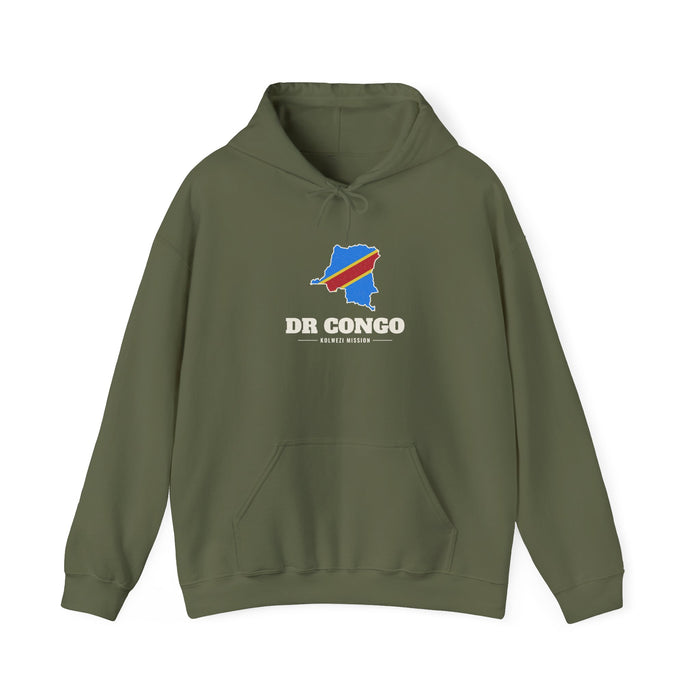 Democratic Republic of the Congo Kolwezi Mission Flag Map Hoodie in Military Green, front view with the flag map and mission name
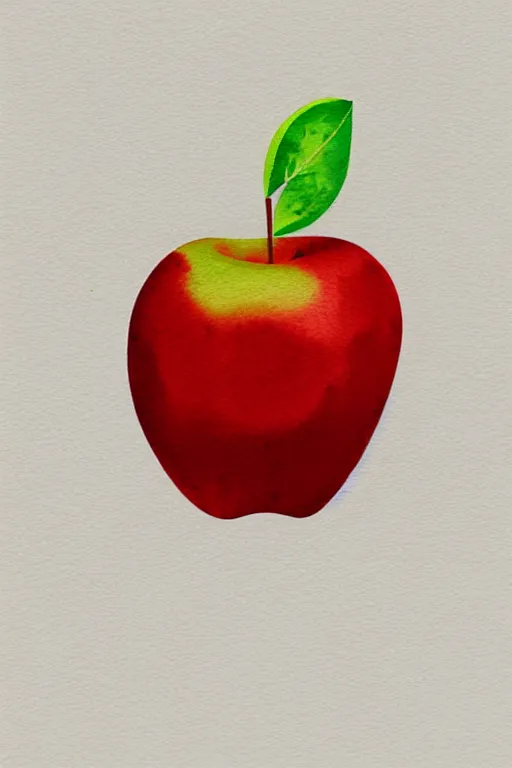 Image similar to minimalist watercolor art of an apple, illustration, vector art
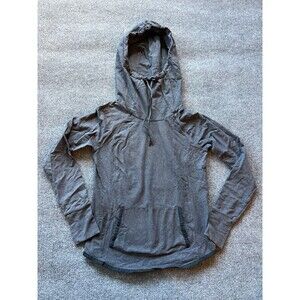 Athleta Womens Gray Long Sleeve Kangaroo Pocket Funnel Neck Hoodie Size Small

———

What is expected = Drop every picture from the data, then output all the rest exactly.

Response box =
 Democratic Republic of the Congo Kolwezi Mission Flag Map Hoodie in Military Green, front view with the flag map and mission name
 Image similar to minimalist watercolor art of an apple, illustration, vector art
 Athleta Womens Gray Long Sleeve Kangaroo Pocket Funnel Neck Hoodie Size Small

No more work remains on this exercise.